Voter Action Attorney Appointed as California Deputy Secretary of State

Lowell Finley, co-founder of Voter Action, was named one of California’s new Deputy Secretaries of State on January 8. Voter Action exists to fight electronic vote-counting technology. See http://voteraction.org for more information about the organization. Lowell Finley has been serving as an attorney for Voter Action’s lawsuits, but his new job requires him to resign from that role. His new job for the new California Secretary of State is Deputy Secretary of State for Voting Systems Technology and Policy.

Senator Westlund Will Introduce Bill to Repeal Oregon Primary Screen-out

Oregon State Senator Ben Westlund said on January 7 that he will soon introduce a bill to repeal Oregon’s primary screen-out law. That law was passed in 2005. It makes it illegal for primary voters to sign a petition for an independent candidate. Westlund is a Democrat now, although he was an independent last year, and previously he had been a Republican.

US Supreme Court Order List of Jan. 5, 2007

The U.S. Supreme Court announced on the afternoon of Friday, January 5, that it had agreed to hear 7 particular cases. None of these 7 cases is an election law case. The U.S. Supreme Court won’t say until the morning of January 8 what it has done about the other cases that were on conference on January 5. But from experience, we know that they will either deny them, or delay them, or else tell the opposition to file a response brief.

Two election law cases were on conference on January 5: Wexler v Anderson, and Nader v Seroty. In both those cases, the opposition hadn’t even bothered to file a response brief. Therefore, the news on January 8 for these two cases will be one of these three choices: (1) denied; (2) delayed for the Court to think about it some more; or (3) an order telling the opposition side to file a response.

Wexler v Anderson is on whether there is any constitutional protection against vote-counting machines that don’t leave a paper trail. Nader v Seroty is on whether a state can charge a candidate a very large amount of money to cover costs of removing him or her from the ballot, a practice that seems to conflict with older US Supreme Court opinions outlawing poll taxes and mandatory filing fees.

In the case of the 7 (non-election) cases that the Supreme Court did accept on January 5, in all 7 instances, both sides had filed briefs. It is rare for the Court to take a case when it hasn’t yet heard from both sides.
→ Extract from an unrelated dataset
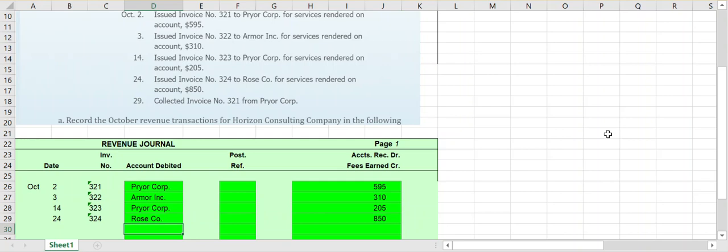On the 29th, it says we've collected invoice number 321 from Prior Corporation. It still says invoice number, but it doesn't say we've issued an invoice — it says we've collected that amount. Remember, any time we are collecting cash or cash is coming into our business, it does not go into our revenue journal. It goes into our cash receipts journal. We recorded that transaction when we provided the service on account and earned the revenue — that went into the revenue journal.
Alabama Ballot Access Hearing is March 20

The 11th circuit will hear the Alabama ballot access case arguments on the morning of March 20 in Atlanta. Swanson v Bennett, 06-13643. The courthouse is at 56 Forsyth St NW, Atlanta. This case is the 4th one to be heard, so it will probably start at 10:30 am or so.

Alabama was one of only 4 states that kept all minor party and independent candidates off the ballot for statewide office in November 2006.